消火ヘリが、ビルの側面をホバリングしながら放水していた。
「寿三郎」
戒無が、湾岸線に伸びる国道を睨んでいた。
「ファランが追われている」
「えええっ?」
声を裏返して驚きながらも、寿理はすでに車を発進させていた。
今度は、小回りが利いてスピードの出る車ですね~。
とか言いながら彼女が選んだのは、ツーシーターの黄色いスポーツカーだ。
色はともかく、状況を的確に読んでいると言えなくもない。
ついでに、ごったがえす裏通りの事情にも詳しいらしい寿理は、先回りして追われている車の前に出るべく、網の目のように張り巡らされた路地を疾駆した。
カーブミラーに頼らなければ曲がれない見通しの悪い狭い道を、派手にカウンターを当て、タイヤを鳴らしながらふっとんでいく。
赤提灯の屋台を蹴散らし、野良猫の集会所に乱入し、道ばたで逢い引きするカップルを仰け反らせながら、けれども車体には傷ひとつつけずに起用にハンドルを切りさばいた。
戒無は、まるで、伝説の遊園地、花屋敷のジェットコースターに乗ったような気分だった。
かつての帝都東京の下町には、花屋敷という名の遊園地があったのだ。
そこのジェットコースターは、狭い敷地を存分に生かしたもので、ぐるぐる続く急カーブの連続だった。

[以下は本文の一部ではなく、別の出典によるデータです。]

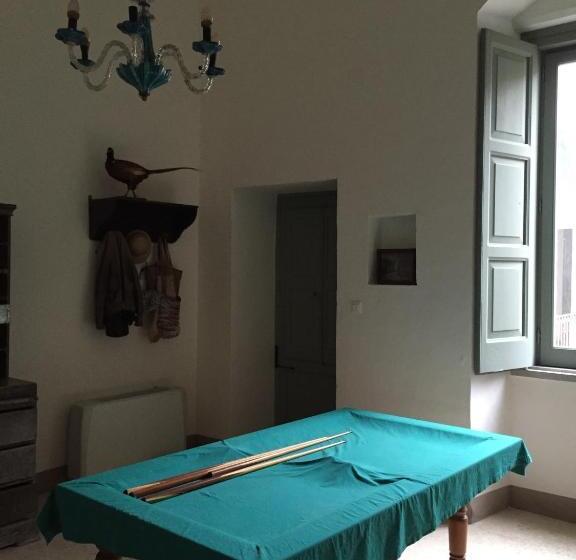 פנסיון Castle Xviii Near Sea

なにより怖かったのが、隣接する民家に墜落しそうなことだった。
黄色いスポーツカーは、裏路地のジェットコースター迷宮を抜け、国道に出た。
「あら、ちょうどいいポジション。どんなもんです、戒無さん」
嬉しそうにミラーを確認して寿理は胸を張る。
数台の追っ手を従えた花狼のオープンカーが、すぐ後方に見えた。
「やっぱ、おまえの運転は最悪だ……」
げっそりとした表情で、戒無はため息をついた。
「戒無さんに誉められると、嬉しい」
語尾にハートマークをつけて、寿理ははしゃいだ。
どうやら、自分に都合のいい翻訳機つきの耳を持っているらしい。
チュン! と、車の屋根を銃弾がかすめて、反射的に戒無と寿理は首をすくめた。
追っ手の流れ弾だ。
「マジかよ? アイファンに当たったらどうするつもりだ?」
戒無は銃を抜いた。
「細かい事情を知らない賞金稼ぎなんじゃないですか? ああ、でも、賞金稼ぎの暴走にみせかけた組織ぐるみの陰謀だったりして……」
どっちにしても、愛芳が怪我をしないよう、努力するだけだ。
「併走しろ」
短く寿理に命じて、窓を開いた。
黄色のスポーツカーが、すっとスピードダウンして、後方のオープンカーの右側に並ぶ。
戒無は、ひらひらと手を振って、にこやかに運転席の花狼に声をかけた。
「よう、クーデター起こしちゃったって聞いたけど、マジかよ?」
花狼は、露骨に嫌そうな顔をする。
「消えろ、目障りだ」
戒無は、首をすくめた。
「年端もいかないお嬢ちゃんと、おしゃれなデートじゃねーか」
花狼の銀髪が、街灯の明かりを反射してキラキラとなびいている。
「死に損ないには、言われたくはないな」
相変わらずの、かわいげのない物言いに、戒無は苦笑した。
「あー。ふぁらんだー。そっくりね。すごい、にてるねー」
助手席の愛芳が無邪気に戒無を指さす。
身を乗り出そうとした愛芳を、花狼が左手で押さえつけた。
銃弾が鼻先をかすめ、戒無はあわてて車内に首をひっこめる。
「っぶねーって」
ひょいと手を伸ばした。
後ろの車から身を乗り出してハンドガンを撃っている男を撃ち抜く。
車の窓から死体がダランと垂れ下がり、道路に頭を打ち付けながら後方に吹っ飛んでいった。
戒無は、花狼に視線を戻した。
愛芳が、興味津々といった表情で花狼と戒無を見比べている。
戒無は、愛芳に手を振った。
「借り、返そうか?」
にこにこと笑いながら戒無は言う。
「なんの借りだ?」
対する花狼は仏頂面だ。
「おまえの、その髪だよ。俺を助けた代償は大きかったんじゃねーかな、ってさ」
「ふん。腹の傷から腸がはみださんうちに、さっさと消えろ」
「んじゃ、これは俺のお節介ってことで……。ファラン、おまえをハメたのは、何者だ?」
花狼は、ちらりと戒無を見た。
戒無は続ける。
「レッド・クロイツの内部に潜り込んでるのは、どこのネズミだって訊いてんだよ」
「東亜細亜連合が関与を否定するなら、絞り込むのはそう難しいことではない」
「ふーん。なんか、俺、嫌な野郎を思いだしたぜ」
「……俺もだ」
そのとき、後ろの車から撃ち込まれる銃弾が、愛芳の髪をかすめた。
「きゃぁぁ! ふぁらーん、こわいよう。こわいよう。こわいよう」
頭を抱えて、愛芳は泣き出した。
一瞬、戒無も寿理も、そして花狼もゾクリと背筋を凍らせる。
戒無は、怒鳴った。
「ここは俺がくい止める。さっさと行け!」
花狼が、ふっと笑って、アクセルを踏み込んだ。
車間が開いたところで、寿理は車をオープンカーと追っ手との間に割り込ませる。
戒無は、リアウインドウに向けて引き金を引いた。
ウインドウが粉々になって、氷砂糖状の破片が星くずのように後方へ流れていく。
「きゃぁぁ。戒無さん! これ、レンタカーなんですよっ! なんてことするんですかぁっ!」
寿理が泣き声を上げた。
「ごちゃごちゃ言わねーで、しっかり前見てろ!」
「やだもう、また借金がぁぁぁ~!」
寿理の嘆きの声が、夜の湾岸道路に流れて消えていった。